先日、わが家を訪ねてきた小学生の子にこう聞かれました。すぐに私は「それが自然だと思うからですよ」と答えました。私は、就農するより前に、食べものに関して特にこだわりを持ってはいませんでした。農薬を使っているかいないかということについても。しかし、就農すると決めたときから、やりたいのは有機農業だと思っていました。なぜかというと、害虫などを農薬で全滅させるという考え方を、なんとなく受け容れられないと思ったからです。
高原野菜の産地での体験
私は、22歳の夏、長野県の有名な高原野菜の産地で働いた経験があります。4ヘクタールの畑で栽培し、1日にレタスを500箱も出荷する農家でした。ある時、出荷一週間前のサニーレタスの畑に、アブラムシを退治するための殺虫剤をトラクターで全面散布する光景を目にしました。農協の集荷場で抜き取り検査をしたときに、アブラムシが見つかると全量持ち帰らなければならないから、と聞きました。1987年のことですから、今は事情が違うかもしれません。
当時の私は、農薬が健康に悪いかどうかという知識も関心もなかったのですが、その光景には違和感を覚えました。ずいぶん後になって、就農しようと思った時に、やはりこの光景を思い浮かべて、農薬を使う農業はやりたくないと思ったのでした。
百姓の自然観と農薬
就農してから20年以上が経った今、農業は人の手が入ってつくりだされた自然環境の中でいのちある作物を育てるしごとなのだから、邪魔者は全滅させようと殺気だって農薬をまくことは、自然と敵対する行為であり、とても不自然なことだと思っています。農薬は、邪魔者となる害虫だけでなく、益虫やただの虫まで殺してしまうことも知っています。

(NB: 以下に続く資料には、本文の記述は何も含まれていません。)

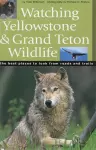 Watching Yellowstone & Grand Teton Wildlife cover
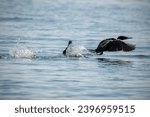 Small photo of The pelagic cormorant (Phalacrocorax pelagicus), also known as Baird's cormorant, takes off from the water.
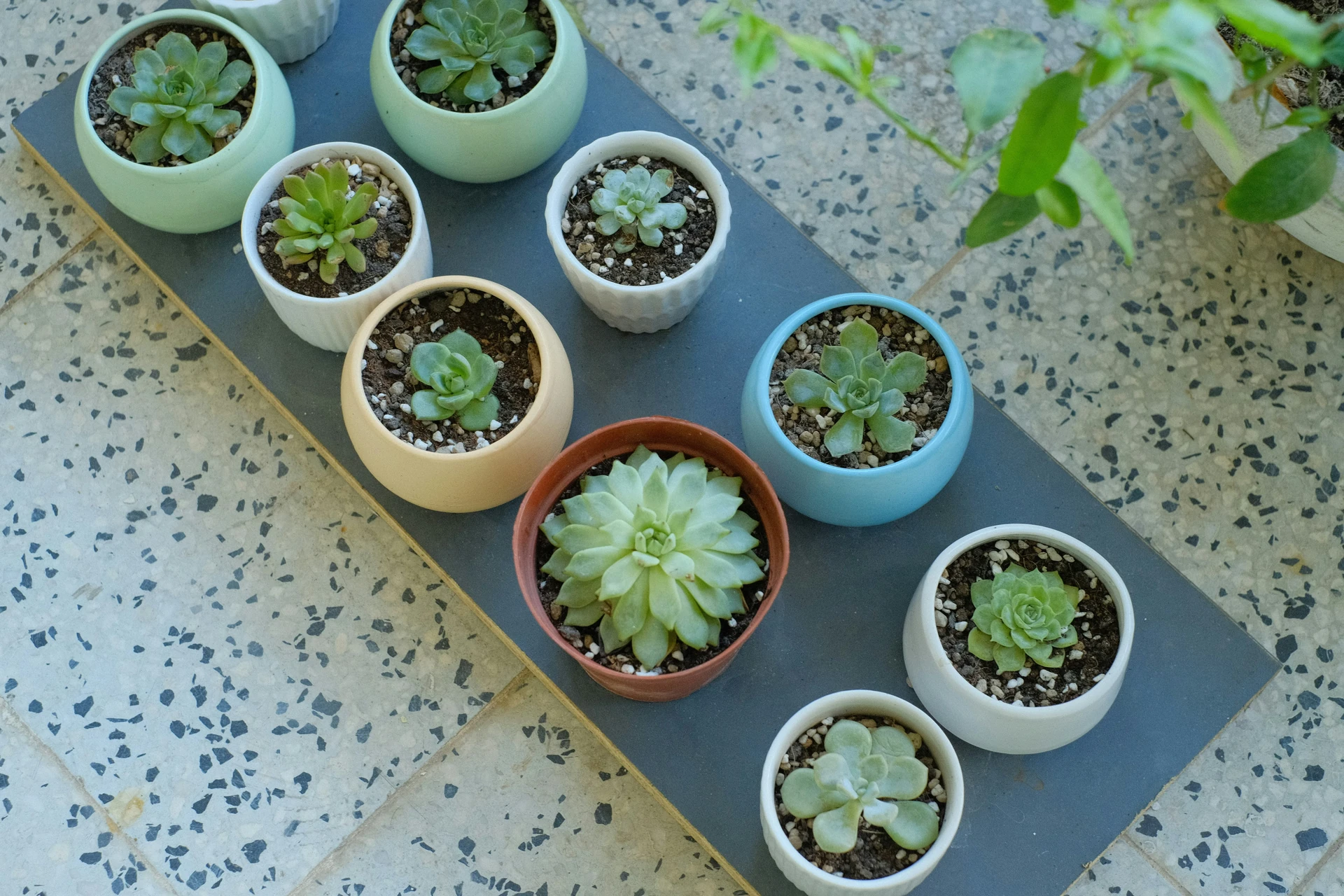Topic: Pebble Tray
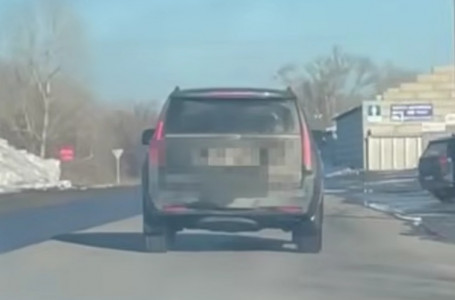 Павлодарда 34 млн теңгеден аса қарызы бар көлік тоқтатылды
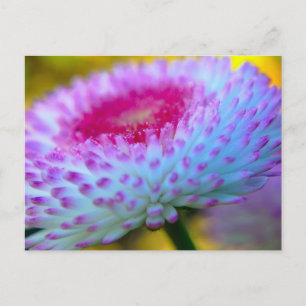 Bloom Flower Postcard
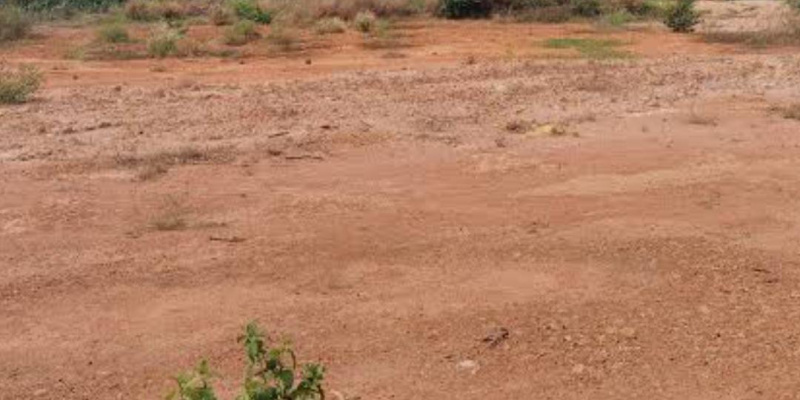  60 Cent Commercial Land for Sale in Melapalayam, Tirunelveli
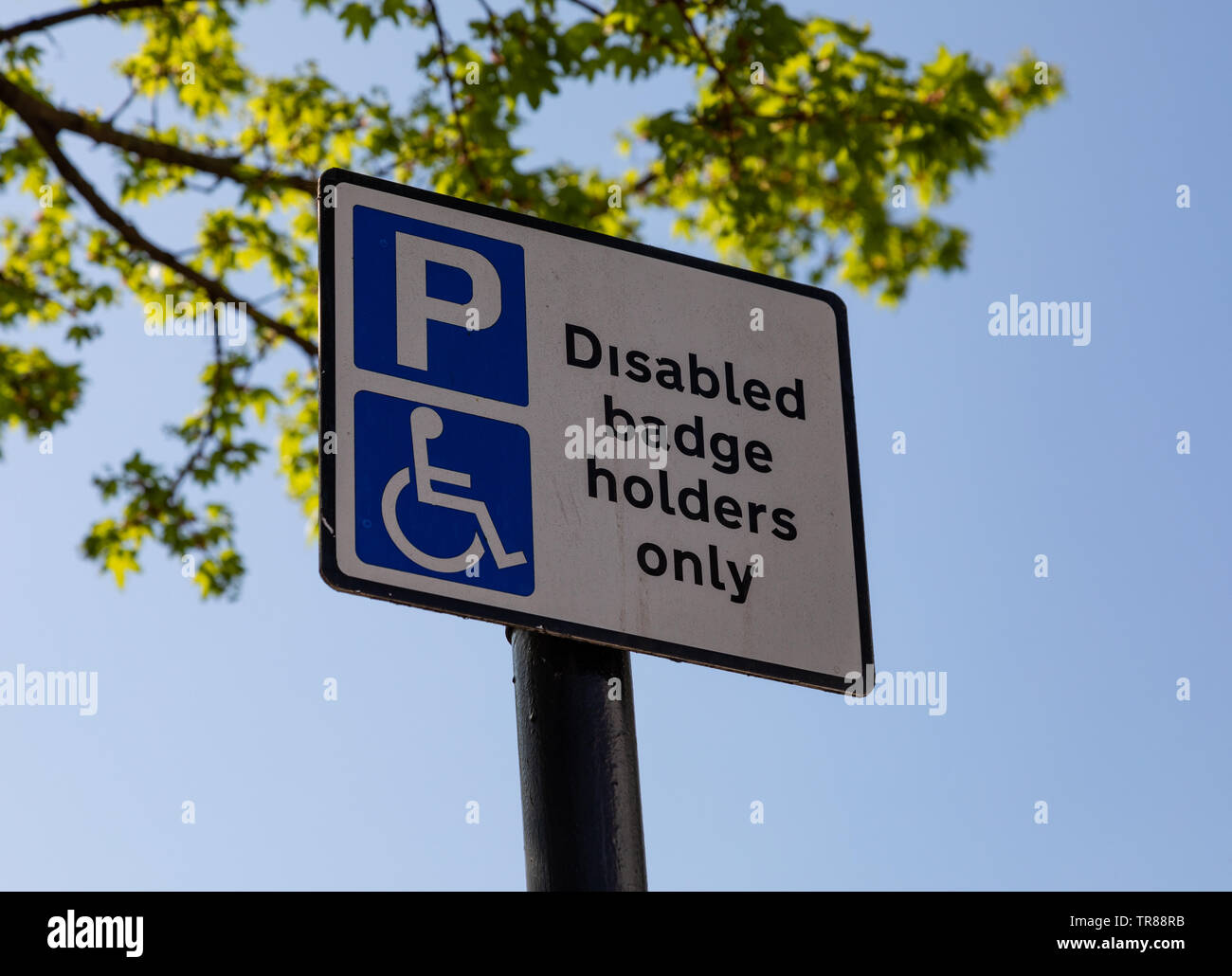Pole Sign Disabled Parking Sign Hi res Stock Photography And Images Alamy Pole Sign Disabled Parking Sign Hi res Stock Photography And Images Alamy
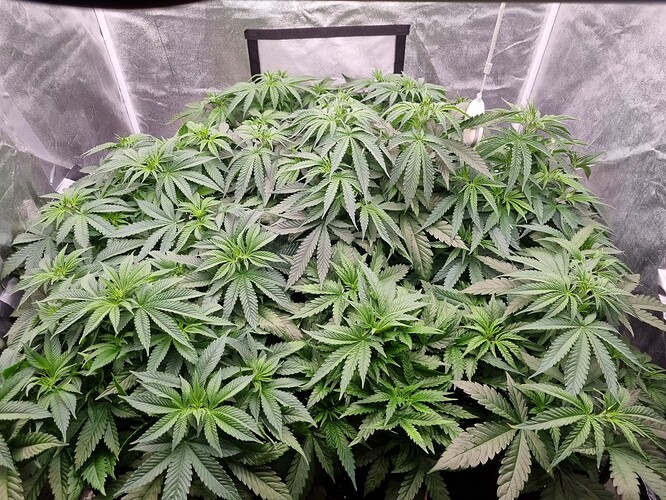 Growreport Bild 34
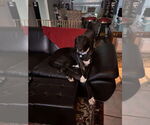 Small Photo #4 Great Dane Puppy For Sale in Bullard, TX, USA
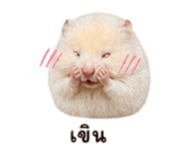 858995305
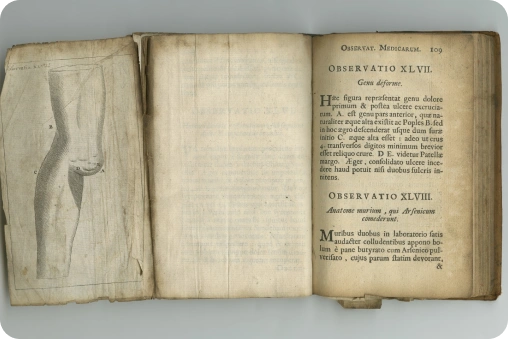 document scanning for museums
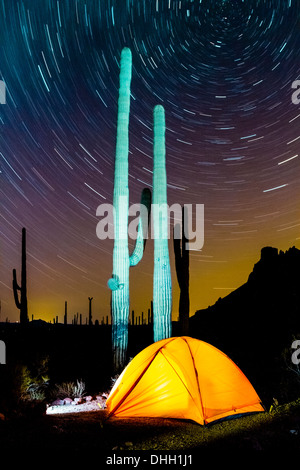 Incandescente tenda a notte con cactus Saguaro e tracce stellari. Organo a canne Cactus monumento nazionale, Arizona. Foto Stock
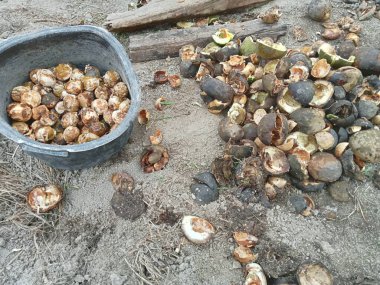 Kurutulmuş ve kabuğundan kırılmış fındık satılmak ya da evde kullanılmak üzere.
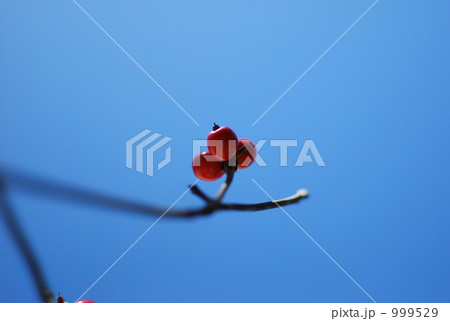 ハナミズキの赤い実 999529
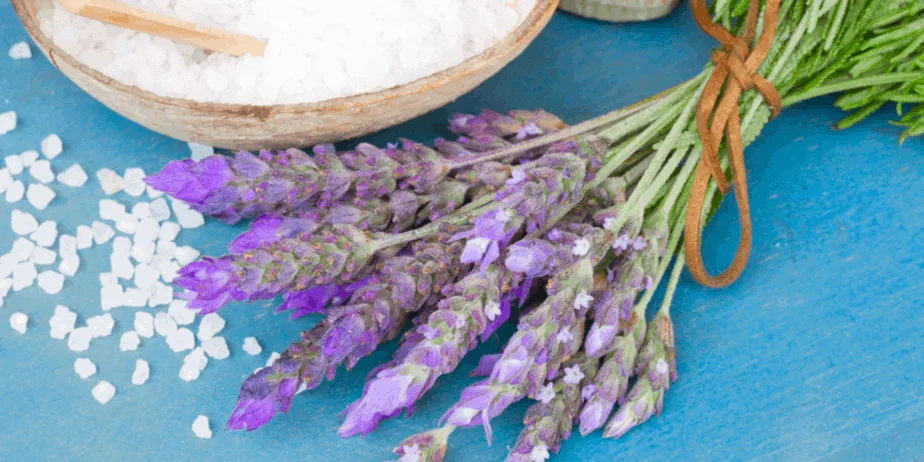 Decorative image of lavender plants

百姓・思想家を名乗っておられる福岡の宇根豊さんの著書『百姓学宣言』(2011年、農文協)を読むと、「自然」という言葉は英語のNatureの翻訳語として日本で使われるようになってきたけれども、農業近代化が進められる前は、百姓の間で使われる言葉ではなかったそうです。なぜかというと、もともと日本の百姓は、自分も自然の一員だと思っていたからだというのです。人間を自然から切り離して別のものとする考え方は、Natureという言葉とともに西洋から入ってきたそうです。この本の中から引用します。
私たち現代の日本人は「自然」(環境)と発言するときに、自分を、そして人間を含めない。人間以外をさしている。つまり「自然」と意識した途端に、自然の外に身を置いて自然を眺めているのである。
自分も自然の一員だった先祖たちには、自分と自然を分けることはなかった。むしろ自然という呼び名がなかったぶん、田んぼや稲やトンボと自分との距離は離れていなかった。私たちは「自然」ということばを覚えてから、自然との関係がよそよそしくなってきたのである。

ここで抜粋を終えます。